§ Task directions
Scan the records below for the string "with" and return every line where it appears.

§ Records for this exercise
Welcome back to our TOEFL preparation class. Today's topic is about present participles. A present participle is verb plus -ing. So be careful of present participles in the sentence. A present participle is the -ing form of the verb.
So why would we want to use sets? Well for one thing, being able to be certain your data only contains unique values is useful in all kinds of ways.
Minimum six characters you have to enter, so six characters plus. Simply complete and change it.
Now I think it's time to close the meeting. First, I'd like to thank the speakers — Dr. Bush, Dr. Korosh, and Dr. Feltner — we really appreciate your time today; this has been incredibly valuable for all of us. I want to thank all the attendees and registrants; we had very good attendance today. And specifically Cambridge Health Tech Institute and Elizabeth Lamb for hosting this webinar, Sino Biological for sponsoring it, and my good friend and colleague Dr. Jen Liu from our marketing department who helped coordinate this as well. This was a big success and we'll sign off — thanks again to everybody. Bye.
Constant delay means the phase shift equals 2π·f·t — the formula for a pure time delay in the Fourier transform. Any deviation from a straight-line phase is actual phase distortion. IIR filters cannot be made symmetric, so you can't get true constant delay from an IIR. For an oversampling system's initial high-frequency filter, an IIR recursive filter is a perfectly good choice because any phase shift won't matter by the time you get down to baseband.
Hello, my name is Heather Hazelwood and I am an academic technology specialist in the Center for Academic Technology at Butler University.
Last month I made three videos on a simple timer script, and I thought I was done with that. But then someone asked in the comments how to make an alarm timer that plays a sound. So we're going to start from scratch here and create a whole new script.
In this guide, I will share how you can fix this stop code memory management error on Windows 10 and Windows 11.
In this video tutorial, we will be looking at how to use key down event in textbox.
---
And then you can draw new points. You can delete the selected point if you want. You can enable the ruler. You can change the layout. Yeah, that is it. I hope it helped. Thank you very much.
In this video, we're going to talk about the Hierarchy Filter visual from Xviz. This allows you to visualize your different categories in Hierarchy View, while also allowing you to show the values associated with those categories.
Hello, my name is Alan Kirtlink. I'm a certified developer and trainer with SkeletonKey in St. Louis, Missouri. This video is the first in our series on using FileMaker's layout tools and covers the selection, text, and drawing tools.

§ The answer
Last month I made three videos on a simple timer script, and I thought I was done with that. But then someone asked in the comments how to make an alarm timer that plays a sound. So we're going to start from scratch here and create a whole new script.
In this video, we're going to talk about the Hierarchy Filter visual from Xviz. This allows you to visualize your different categories in Hierarchy View, while also allowing you to show the values associated with those categories.
Hello, my name is Alan Kirtlink. I'm a certified developer and trainer with SkeletonKey in St. Louis, Missouri. This video is the first in our series on using FileMaker's layout tools and covers the selection, text, and drawing tools.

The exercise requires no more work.